Hola a todos! Hace unos años estudié español y me gustó mucho. Soy portuguesa y por eso no fue tan difícil a pesar de por veces hablar más portuñol que español.
 
No sabía que el catalán era tan diferente de la lengua española. Se habla catalán en muchas regiones de España? Me gustaba ir a trabajar en España y por eso pienso que seria bueno aprender también catalán. Donde puedo aprender catalán? Conocéis algunos enlaces de Internet o algún libro? Que me aconsejáis? 
 
Muchas gracias!


----------



## ernest_

Hola!
La lengua catalana se habla principalmente en Cataluña, el País Valenciano y las Islas Baleares, es decir en el noreste y este peninsular y las islas Baleares. Existen varios dialectos, que son el catalán oriental (hablado en la mayor parte de Cataluña), el catalán occidental (hablado en el oeste y sur de Cataluña y el País Valenciano (donde se conoce como "valenciano")) y el balear que se habla en las Baleares. (Esto es una simplificación.) Hay diferencias de fonética y léxico entre estos dialectos, aunque se consideran una misma lengua porque resultan mutuamente comprensibles. Si quieres enlaces y más información puedes mirar el hilo de "Recursos", o si tienes más preguntas también puedes hacerlas aquí.


----------



## Dixie!

T'has deixat Andorra, l'Alguer i la Franja.


----------



## ernest_

Tens raó Dixie!


----------



## jartesm

Posats a ser exhaustius també cal tenir en compte que es parla a la comarca d'El Carxe, dins la província de Múrcia.

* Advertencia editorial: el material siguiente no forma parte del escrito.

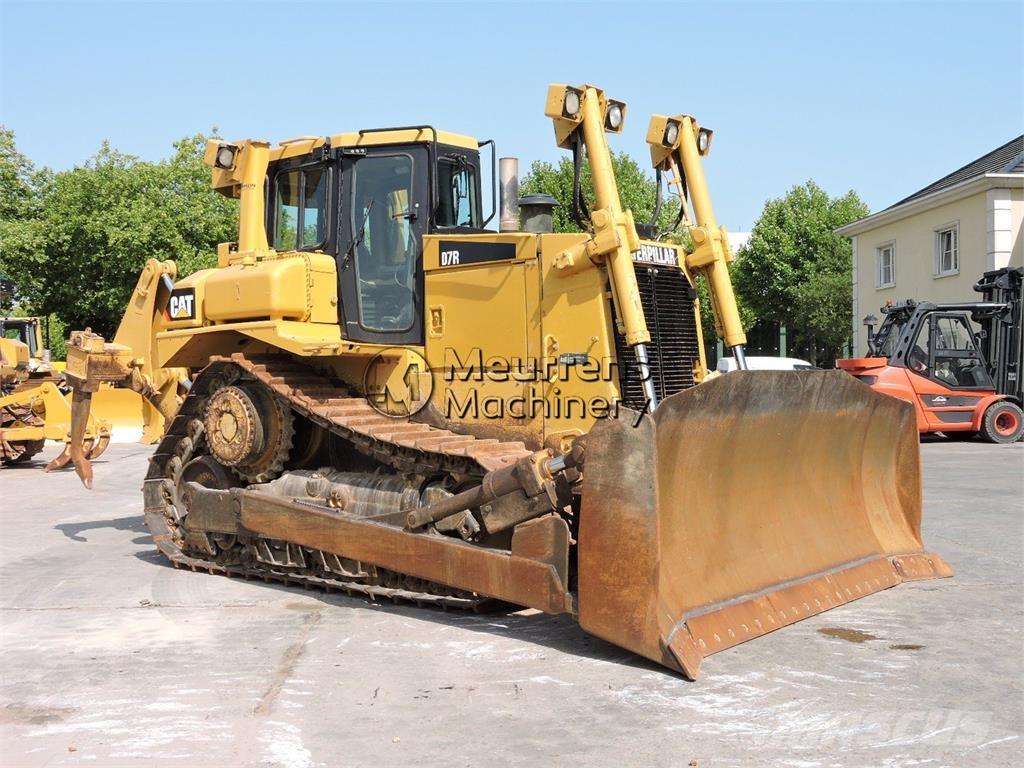 CAT D7R جرارات تسوية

No fa molt de temps l'ajuntament de Yecla sol·licitada a la Comunitat Valenciana classes de valencià per als catalanoparlants de la zona, descendents de valencians que hi van anar fa uns 100 anys (pagesos). Crec que són tres o quatres mil persones.


----------



## PadmeNaberrie

El catalán es tan diferente del español! Mucho más difícil también! Gracias por contestar!


----------



## dafne.ne

Hola,
Tinc entès que també es parla Català en un dels Cantons Suïssos, encara que no tinc més informació. Si algú em pogués informar us ho agrairia.
Fin ben aviat


----------



## ivanovic77

dafne.ne said:


> Hola,
> Tinc entès que també es parla Català en un dels Cantons Suïssos, encara que no tinc més informació. Si algú em pogués informar us ho agrairia.
> Fin ben aviat


 
Impossible. L'única relació entre Suïssa i Catalunya que em ve al cap ara mateix és el Centre Català de Lausana (fundat per immigrants catalans) i el Joan Gamper, el senyor suís que va fundar el F.C. Barcelona.

A Suïssa es parlen quatre llengües autòctones: Alemany, francès, italià i rètic.


----------



## dafne.ne

Moltes gràcies Ivanovic,

Jo no em referia a les llengües oficials, sino a d'altres llengües o dialectes com ara el francoprovençal que és una llengua romànica suposada intermèdia entre el francès i l'occità, que es parla a Suïssa, Italià i França.

En qualsevol cas potser caldria afegir que també es parla Català al Sud de França.

Siau


----------



## cylentj

Potser m'equivoco, pero crec que tambe es parla una variant al sud de la Illa de Cerdanya (IT).


----------



## ivanovic77

cylentj said:


> Potser m'equivoco, pero crec que tambe es parla una variant al sud de la Illa de Cerdanya (IT).


 
Sí, ja ho han dit abans; es parla a l'Alguer, una ciutat al nord-oest de Sardenya:

http://ca.wikipedia.org/wiki/L%27Alguer


----------



## avellanainphilly

Hola PadmeNaberrie,

puedes ver un buen resumen de dónde se habla catalán en la página del ethnologue: http://www.ethnologue.com/show_language.asp?code=cat


----------



## PadmeNaberrie

Hola. Gracias por contestar!


----------